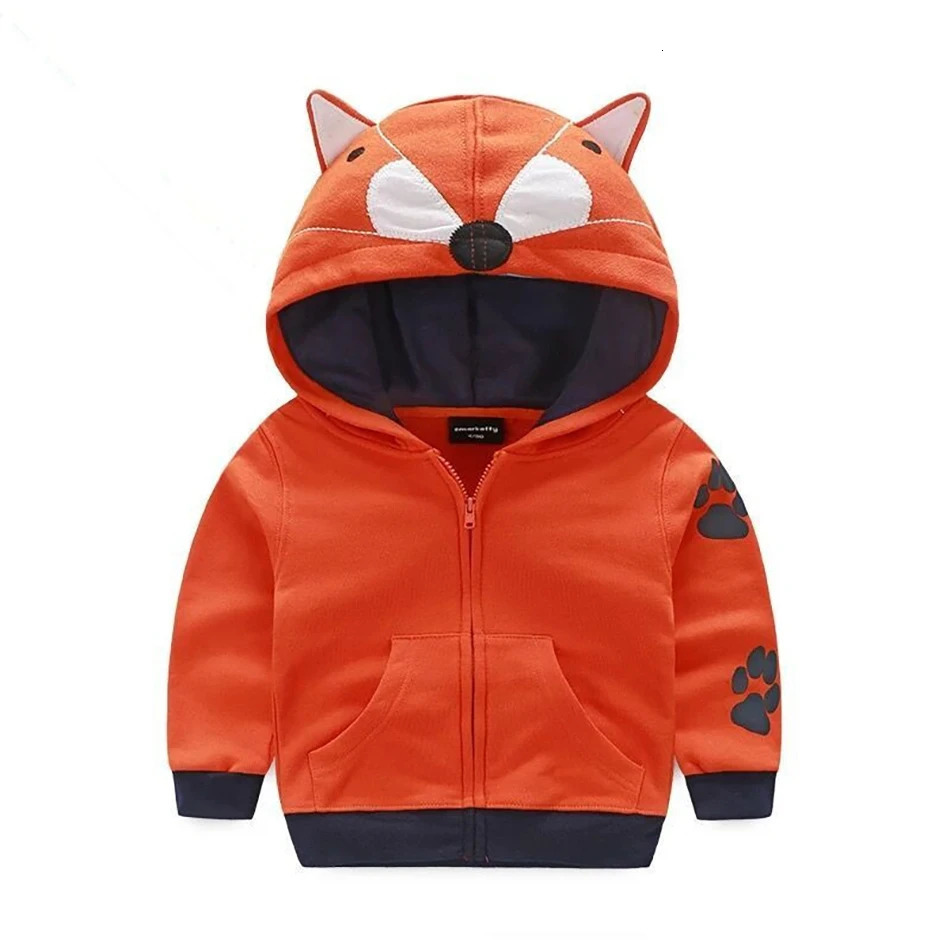 Kids Cartoon Coat Hoodies Tiger Jacket for Boy Girl Fox Animal Ear Hoody Kids Hooded Toddler Autumn Spring 18-6Y JYF 231229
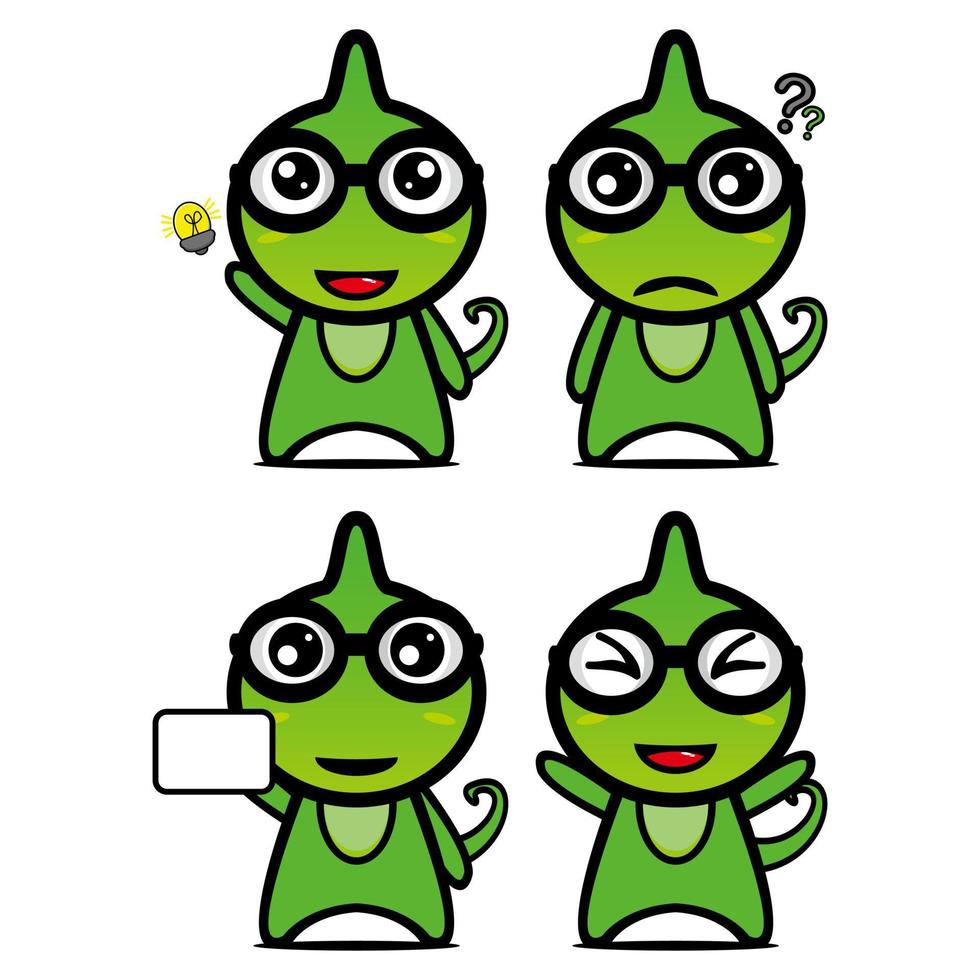 Set collection of cute chameleon mascot design. Isolated on a white background. Cute character mascot logo idea bundle concept vector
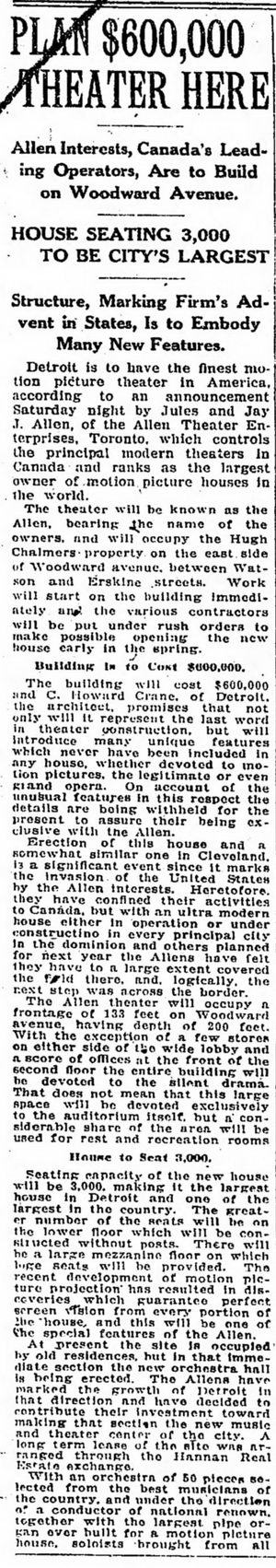 Allen Theatre - Detroit Free Press Jul 21 1919 (newer photo)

What the exercise asks: Once more, please print the whole listing exactly, omitting each image.

Your solution:
 Kids Cartoon Coat Hoodies Tiger Jacket for Boy Girl Fox Animal Ear Hoody Kids Hooded Toddler Autumn Spring 18-6Y JYF 231229
 Set collection of cute chameleon mascot design. Isolated on a white background. Cute character mascot logo idea bundle concept vector
 Allen Theatre - Detroit Free Press Jul 21 1919 (newer photo)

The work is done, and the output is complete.